Combat Threats with Cyber Security Training
Visa. PayPal. MasterCard. Sony. Nasdaq. Each of these major international firms has been targeted by hackers, who infect global information systems with denial-of-service attacks and malware, seriously disrupting business activities.
What types of cyber-threats have been unleashed on information systems? And what can be done to stop spam, phishing, spyware and other cyber security threats?
Today’s Prevalent Cyber Threats
Spam and Phishing Attacks: Everyone agrees that spam can be annoying. But with proper email spam filters, it’s pretty harmless, right? Wrong. Spam is increasingly harmful. Spam disrupts business by taking resources away from productive activities. Spam also leads to phishing attacks, where unsuspecting individuals are tricked into divulging sensitive or personal information. Spammers then use this information to steal identities and cause financial losses. And as anti-spam software becomes more efficient, spammers simply change their techniques to avoid blocks, continuing their unlawful activities.
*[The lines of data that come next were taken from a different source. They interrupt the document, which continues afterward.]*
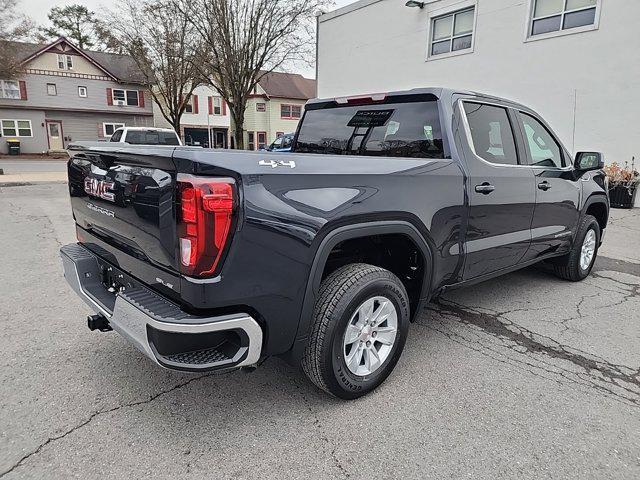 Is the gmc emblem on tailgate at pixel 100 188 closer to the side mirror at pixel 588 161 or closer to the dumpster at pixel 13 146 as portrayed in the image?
the side mirror at pixel 588 161

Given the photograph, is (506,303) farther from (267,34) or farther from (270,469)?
(267,34)

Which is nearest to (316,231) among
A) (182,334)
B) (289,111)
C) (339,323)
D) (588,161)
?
(339,323)

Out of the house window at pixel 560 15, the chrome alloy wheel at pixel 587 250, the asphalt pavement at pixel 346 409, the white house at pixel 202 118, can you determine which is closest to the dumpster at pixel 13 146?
the white house at pixel 202 118

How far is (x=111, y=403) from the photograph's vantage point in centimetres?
271

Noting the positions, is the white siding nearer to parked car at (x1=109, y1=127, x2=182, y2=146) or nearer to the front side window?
parked car at (x1=109, y1=127, x2=182, y2=146)

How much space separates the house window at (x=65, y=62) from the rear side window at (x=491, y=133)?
38057mm

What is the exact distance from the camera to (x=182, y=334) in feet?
6.72

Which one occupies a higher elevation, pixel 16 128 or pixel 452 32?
pixel 452 32

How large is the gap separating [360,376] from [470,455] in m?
0.73

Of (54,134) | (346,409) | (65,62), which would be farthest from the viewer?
(54,134)

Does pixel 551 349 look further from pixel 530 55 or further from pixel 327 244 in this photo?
pixel 530 55

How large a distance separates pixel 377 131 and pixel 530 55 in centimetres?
1211

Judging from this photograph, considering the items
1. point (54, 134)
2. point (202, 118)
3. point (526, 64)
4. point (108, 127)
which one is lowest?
point (54, 134)

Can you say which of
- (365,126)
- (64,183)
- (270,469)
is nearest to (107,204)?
(270,469) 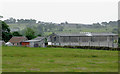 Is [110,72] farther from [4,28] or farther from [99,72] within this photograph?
[4,28]

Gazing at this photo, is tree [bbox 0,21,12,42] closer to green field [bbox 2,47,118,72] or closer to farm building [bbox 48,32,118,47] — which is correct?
farm building [bbox 48,32,118,47]

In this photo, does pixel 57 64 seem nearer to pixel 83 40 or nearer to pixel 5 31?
pixel 83 40

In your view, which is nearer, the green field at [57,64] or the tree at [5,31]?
the green field at [57,64]

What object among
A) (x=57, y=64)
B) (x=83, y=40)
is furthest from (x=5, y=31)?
(x=57, y=64)

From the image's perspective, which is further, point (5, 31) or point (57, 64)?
point (5, 31)

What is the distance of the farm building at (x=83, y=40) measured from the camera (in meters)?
89.3

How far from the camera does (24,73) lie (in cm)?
2062

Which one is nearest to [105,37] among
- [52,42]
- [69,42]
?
[69,42]

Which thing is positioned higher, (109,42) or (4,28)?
(4,28)

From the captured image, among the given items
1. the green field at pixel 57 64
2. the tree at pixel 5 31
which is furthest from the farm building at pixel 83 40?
the green field at pixel 57 64

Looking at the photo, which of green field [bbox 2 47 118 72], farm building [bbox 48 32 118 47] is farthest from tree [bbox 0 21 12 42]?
green field [bbox 2 47 118 72]

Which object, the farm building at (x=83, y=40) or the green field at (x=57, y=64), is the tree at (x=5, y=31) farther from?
the green field at (x=57, y=64)

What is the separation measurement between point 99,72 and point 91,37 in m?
71.5

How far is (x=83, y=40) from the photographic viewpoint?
297 feet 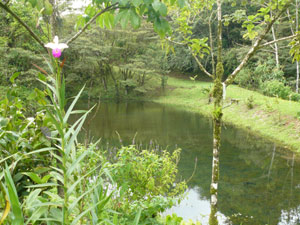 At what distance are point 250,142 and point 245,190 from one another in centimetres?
419

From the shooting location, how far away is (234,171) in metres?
6.23

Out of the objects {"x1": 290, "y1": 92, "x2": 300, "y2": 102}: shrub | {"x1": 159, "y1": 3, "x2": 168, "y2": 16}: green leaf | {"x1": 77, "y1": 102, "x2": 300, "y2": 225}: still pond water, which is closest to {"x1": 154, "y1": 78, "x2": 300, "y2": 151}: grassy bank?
{"x1": 77, "y1": 102, "x2": 300, "y2": 225}: still pond water

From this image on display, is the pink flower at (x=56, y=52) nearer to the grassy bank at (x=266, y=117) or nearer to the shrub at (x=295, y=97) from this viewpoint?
the grassy bank at (x=266, y=117)

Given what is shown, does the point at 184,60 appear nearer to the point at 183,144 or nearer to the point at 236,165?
the point at 183,144

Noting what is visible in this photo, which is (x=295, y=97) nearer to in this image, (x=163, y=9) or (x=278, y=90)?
(x=278, y=90)

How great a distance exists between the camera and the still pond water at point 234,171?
4297 mm

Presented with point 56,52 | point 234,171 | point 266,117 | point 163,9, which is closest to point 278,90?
point 266,117

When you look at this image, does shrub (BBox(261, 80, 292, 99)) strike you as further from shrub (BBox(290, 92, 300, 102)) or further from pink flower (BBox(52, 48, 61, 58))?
pink flower (BBox(52, 48, 61, 58))

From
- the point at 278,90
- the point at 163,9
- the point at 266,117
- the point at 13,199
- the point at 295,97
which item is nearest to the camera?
the point at 13,199

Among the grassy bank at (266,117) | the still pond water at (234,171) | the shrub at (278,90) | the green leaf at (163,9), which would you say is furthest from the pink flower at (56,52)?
the shrub at (278,90)

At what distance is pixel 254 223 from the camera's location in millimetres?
3963

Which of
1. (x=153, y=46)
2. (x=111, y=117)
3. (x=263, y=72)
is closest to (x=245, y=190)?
(x=111, y=117)

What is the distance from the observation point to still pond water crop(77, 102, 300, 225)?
4.30 meters

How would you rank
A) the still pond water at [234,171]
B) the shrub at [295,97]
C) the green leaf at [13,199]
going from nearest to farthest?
the green leaf at [13,199]
the still pond water at [234,171]
the shrub at [295,97] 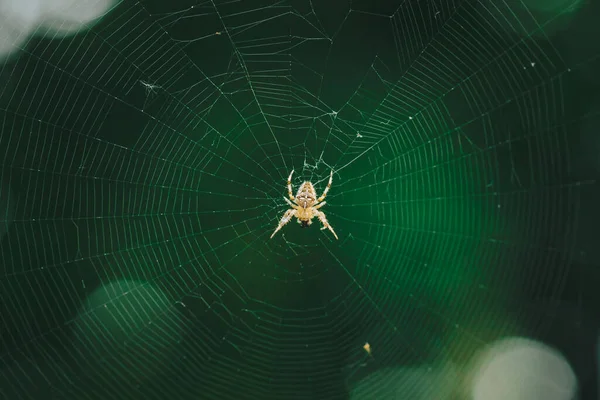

Phishing is an increasing problem for businesses and the federal government. Besides financial losses, phishing also causes consumers to distrust financial and government institutions, which presents them with enormous challenges. How can business be safely conducted through the Internet? How can an individual know that an email from their financial institution or the Internal Revenue Service is genuine? Fighting these phishing threats requires constant effort – and vast human and capital resources.
Spyware: Spyware is the third major emerging cyber security threat, disrupting the availability and confidentiality of business and federal government information systems. Hackers can remotely install spyware on thousands of personal computers simultaneously, using them to capture sensitive data or slow down entire systems.
Other emerging cyber security threats include the blending of spam, phishing and spyware into new tools that are more difficult to detect and prevent, as well as new methods of using technology to unleash worms, viruses and malware that interrupt business and threaten privacy and sensitive data.
Past Efforts to Combat Cyber Security Threats
Historically, efforts in the private sector and federal government entities have focused on detecting and blocking spam, phishing and spyware. In 2002, the Federal Information Security Management Act (FISMA) was enacted, requiring federal agencies to conduct reviews of information security and report to the Office of Management and Budget (OMB). In addition, FISMA assigns the National Institute of Standards and Technology (NIST) with responsibility for developing guidelines to provide adequate information security for various federal agencies.
The Federal Trade Commission (FTC) has led efforts in educating users about cyber-security threats and increasing consumer protection. The FTC has issued alerts and reports on spam, and has provided guidance to businesses and individuals in avoiding identity theft.
Several consumer protection groups have formed over the years, including the Anti-Phishing Working Group and The Phish Report Network. These groups publicize phishing scams, educate businesses about the costs associated with phishing, and safeguard consumers from phishing attacks. Additional resources include real-time notification of new phishing sites, sharing information and best practices, and discussion forums.
New Methods to Fight Cyber Security Crime
What more can be done to fight the ever-more prevalent and sophisticated threats from spammers and hackers against government agencies?
Awareness and Training: These are two of the most important weapons against emerging cyber security threats. Sharing information and reporting incidents to a single entity increases awareness among government agencies. Providing up-to-date cyber security training is vital in reducing spam, phishing and spyware threats.
Bring the Best and Brightest to the Fight: Programs like US Cyber Challenge (USCC) attract thousands of highly-skilled programmers, recruiting them to become cyber security warriors. Cyber Foundations is a national competition for high school students, designed to identify future cyber security experts and offer scholarships and prizes to top performers.
Put Servers on Lock Down: Locking down a server to prevent a cyber security breach is just like locking down a school to prevent a safety breach. Closing unused ports, dismantling old user accounts and removing unnecessary software can keep a server from doing the work of hackers.
Bring Spammers and Hackers to Justice: It’s important that the federal government use legal means to close loopholes and clarify language that hackers successfully hide behind. The cyber security czar appointed by the president is a good step in this direction. The federal government can provide legal solutions to combat cyber security threats, prevent spammers and malware installers from using other people’s computers to conduct their unlawful activity, and allowing third parties to use their services to unleash harmful viruses, spyware and spam.